After that, co-workers helped Birton with the time clock and wrote down his schedule when necessary. But his poor performance continued on other duties, such as forgetting to gather carts, so he was fired. He sued, alleging discrimination under the Americans with Disabilities Act (ADA).

Wal-Mart argued that the firing was legal because even after it made the requested accommodation for his time-clock problems, Birton still wasn't able to do the essential functions of the job. He never requested any further accommodations, Wal-Mart said.

A state court rejected this argument and let the case go to trial. It said a reasonable jury could find that the disclosure of the worker's memory problems and the request for time card reminders were enough to put Wal-Mart on notice of his need for further accommodation. He didn't have to make a specific accommodation request. (Birton v. Wal-Mart Inc., No. 4:01CV118 RWS, E.D.Mo., 2002)

Advice: This ruling doesn't require you to read your employees' minds. It does, however, say you have an obligation to get involved in accommodations once you're aware of an employee's disability and know it may affect his ability to perform his job. That's true even if the worker doesn't ask for help.

Bottom line: While it's true that your obligation to accommodate a disability doesn't usually start until the employee speaks up, finding an accommodation is an interactive process between both parties.

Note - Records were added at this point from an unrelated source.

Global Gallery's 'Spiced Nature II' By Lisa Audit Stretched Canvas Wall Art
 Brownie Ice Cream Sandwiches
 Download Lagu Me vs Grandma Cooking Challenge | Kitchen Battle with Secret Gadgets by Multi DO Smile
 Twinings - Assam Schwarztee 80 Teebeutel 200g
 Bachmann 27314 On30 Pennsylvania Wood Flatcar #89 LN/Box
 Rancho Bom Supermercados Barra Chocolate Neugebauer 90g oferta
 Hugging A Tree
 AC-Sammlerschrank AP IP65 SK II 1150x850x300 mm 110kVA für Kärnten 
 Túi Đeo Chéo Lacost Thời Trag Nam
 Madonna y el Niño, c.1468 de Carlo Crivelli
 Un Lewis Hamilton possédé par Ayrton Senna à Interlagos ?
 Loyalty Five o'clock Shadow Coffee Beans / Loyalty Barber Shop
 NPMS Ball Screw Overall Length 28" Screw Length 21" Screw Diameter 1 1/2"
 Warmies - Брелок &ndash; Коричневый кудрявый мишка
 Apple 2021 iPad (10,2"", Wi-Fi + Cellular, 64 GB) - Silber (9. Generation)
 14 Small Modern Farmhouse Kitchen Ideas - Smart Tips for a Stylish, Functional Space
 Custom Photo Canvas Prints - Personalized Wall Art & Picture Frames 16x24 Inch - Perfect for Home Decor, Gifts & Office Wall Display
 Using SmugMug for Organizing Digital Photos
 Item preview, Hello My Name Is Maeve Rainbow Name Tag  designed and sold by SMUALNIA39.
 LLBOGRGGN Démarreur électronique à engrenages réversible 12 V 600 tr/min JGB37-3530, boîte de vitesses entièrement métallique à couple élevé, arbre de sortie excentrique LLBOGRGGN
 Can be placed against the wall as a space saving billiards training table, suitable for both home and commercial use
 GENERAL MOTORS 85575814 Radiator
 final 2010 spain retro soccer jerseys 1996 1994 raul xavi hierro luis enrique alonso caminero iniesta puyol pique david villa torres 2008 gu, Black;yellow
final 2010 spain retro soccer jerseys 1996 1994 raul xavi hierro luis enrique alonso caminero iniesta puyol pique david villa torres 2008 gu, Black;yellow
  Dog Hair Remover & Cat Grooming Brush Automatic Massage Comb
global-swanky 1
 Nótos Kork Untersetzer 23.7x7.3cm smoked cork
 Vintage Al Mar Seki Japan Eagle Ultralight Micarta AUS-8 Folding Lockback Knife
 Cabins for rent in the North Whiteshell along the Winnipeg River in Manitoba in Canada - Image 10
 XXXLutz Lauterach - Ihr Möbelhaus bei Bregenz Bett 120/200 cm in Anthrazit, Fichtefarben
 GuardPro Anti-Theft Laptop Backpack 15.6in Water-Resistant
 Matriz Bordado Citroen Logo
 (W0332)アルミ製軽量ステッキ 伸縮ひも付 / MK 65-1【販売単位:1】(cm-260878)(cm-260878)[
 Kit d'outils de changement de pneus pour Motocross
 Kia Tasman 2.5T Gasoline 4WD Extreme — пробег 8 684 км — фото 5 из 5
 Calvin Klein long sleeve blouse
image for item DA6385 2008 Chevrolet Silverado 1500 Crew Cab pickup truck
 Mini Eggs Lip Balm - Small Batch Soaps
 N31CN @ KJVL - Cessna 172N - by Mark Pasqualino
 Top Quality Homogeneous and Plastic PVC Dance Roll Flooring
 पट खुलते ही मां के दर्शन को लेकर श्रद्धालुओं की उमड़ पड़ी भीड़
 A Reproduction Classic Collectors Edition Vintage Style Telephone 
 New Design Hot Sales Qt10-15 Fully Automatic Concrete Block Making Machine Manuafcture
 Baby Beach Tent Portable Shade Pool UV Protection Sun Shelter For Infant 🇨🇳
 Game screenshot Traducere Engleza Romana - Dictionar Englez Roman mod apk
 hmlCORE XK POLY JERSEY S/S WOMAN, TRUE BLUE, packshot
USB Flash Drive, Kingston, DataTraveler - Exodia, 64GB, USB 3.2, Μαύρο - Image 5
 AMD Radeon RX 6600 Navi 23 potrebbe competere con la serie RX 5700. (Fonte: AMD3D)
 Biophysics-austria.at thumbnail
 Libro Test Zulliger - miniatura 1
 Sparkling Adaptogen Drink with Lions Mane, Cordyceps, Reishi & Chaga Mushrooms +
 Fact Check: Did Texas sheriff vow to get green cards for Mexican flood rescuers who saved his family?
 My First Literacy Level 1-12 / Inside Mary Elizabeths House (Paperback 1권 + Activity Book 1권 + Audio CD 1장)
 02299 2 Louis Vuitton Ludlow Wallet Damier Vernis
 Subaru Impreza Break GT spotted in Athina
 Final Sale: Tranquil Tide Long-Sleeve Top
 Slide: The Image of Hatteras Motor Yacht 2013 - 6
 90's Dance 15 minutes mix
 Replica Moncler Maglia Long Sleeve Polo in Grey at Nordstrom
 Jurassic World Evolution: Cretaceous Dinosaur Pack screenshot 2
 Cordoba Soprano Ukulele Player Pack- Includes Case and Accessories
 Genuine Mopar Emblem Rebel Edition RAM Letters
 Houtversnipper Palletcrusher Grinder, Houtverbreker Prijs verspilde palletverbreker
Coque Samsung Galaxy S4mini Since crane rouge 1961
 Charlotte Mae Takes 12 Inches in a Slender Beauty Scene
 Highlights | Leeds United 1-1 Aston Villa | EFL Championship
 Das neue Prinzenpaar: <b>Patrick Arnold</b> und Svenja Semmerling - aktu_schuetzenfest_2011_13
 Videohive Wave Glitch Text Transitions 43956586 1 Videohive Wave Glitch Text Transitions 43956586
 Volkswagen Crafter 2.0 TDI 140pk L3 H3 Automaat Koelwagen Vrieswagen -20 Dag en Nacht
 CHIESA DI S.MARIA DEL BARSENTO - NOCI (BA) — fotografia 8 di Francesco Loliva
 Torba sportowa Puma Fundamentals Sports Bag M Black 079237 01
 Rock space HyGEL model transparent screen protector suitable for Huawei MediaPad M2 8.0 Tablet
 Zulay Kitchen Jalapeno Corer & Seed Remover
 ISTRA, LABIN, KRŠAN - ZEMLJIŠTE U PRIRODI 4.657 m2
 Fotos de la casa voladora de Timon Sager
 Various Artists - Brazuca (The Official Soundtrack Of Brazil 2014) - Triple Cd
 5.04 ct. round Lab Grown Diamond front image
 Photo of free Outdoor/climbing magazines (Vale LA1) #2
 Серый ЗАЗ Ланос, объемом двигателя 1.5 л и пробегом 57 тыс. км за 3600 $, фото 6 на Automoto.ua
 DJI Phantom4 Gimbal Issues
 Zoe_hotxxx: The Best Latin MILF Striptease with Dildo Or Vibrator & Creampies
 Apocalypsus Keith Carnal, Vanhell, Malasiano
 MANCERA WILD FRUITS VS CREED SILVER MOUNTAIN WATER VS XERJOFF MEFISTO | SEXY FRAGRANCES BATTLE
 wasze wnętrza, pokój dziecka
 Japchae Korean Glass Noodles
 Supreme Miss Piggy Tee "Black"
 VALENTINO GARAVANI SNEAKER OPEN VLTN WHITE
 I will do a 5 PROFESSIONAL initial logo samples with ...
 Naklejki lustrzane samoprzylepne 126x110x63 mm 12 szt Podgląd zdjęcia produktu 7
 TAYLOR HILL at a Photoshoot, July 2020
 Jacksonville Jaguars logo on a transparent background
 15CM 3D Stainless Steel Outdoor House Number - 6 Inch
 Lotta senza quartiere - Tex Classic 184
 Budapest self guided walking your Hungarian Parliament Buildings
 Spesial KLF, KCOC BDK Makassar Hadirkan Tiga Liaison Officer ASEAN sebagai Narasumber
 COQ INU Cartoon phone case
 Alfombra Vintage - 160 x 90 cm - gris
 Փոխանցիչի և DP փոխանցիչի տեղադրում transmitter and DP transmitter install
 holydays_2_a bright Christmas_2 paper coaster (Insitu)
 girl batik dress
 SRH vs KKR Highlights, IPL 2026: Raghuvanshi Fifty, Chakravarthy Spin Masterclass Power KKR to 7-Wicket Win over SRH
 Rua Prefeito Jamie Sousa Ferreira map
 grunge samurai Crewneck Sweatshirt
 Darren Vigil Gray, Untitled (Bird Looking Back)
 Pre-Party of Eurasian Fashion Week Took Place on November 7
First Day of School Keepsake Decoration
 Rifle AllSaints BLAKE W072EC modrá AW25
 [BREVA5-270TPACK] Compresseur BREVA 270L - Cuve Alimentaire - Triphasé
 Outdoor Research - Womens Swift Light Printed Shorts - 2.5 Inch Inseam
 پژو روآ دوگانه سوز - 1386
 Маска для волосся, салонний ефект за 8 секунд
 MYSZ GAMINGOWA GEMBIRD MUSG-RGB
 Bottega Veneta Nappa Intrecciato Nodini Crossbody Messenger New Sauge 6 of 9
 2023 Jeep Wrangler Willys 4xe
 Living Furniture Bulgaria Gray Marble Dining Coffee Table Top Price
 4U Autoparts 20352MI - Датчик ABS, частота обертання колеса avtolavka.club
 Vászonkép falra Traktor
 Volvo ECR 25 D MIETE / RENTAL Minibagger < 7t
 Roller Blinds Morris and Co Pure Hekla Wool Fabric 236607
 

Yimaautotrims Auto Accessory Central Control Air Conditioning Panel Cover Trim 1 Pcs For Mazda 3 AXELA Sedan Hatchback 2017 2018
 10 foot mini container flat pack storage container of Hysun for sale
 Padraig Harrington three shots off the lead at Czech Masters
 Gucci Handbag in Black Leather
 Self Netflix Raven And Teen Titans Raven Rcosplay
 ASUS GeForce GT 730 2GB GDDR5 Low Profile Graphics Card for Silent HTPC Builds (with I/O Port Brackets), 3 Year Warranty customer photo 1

Finally, if you plan to argue that an accommodation request is impossible because it would create an "undue hardship", too expensive, too difficult or too disruptive, realize that the burden of proof is on you to make the case. Here, Wal-Mart could have restructured his job. That would have been inconvenient, but inconvenience is not considered an undue hardship, even if it means other employees do more work than the disabled worker.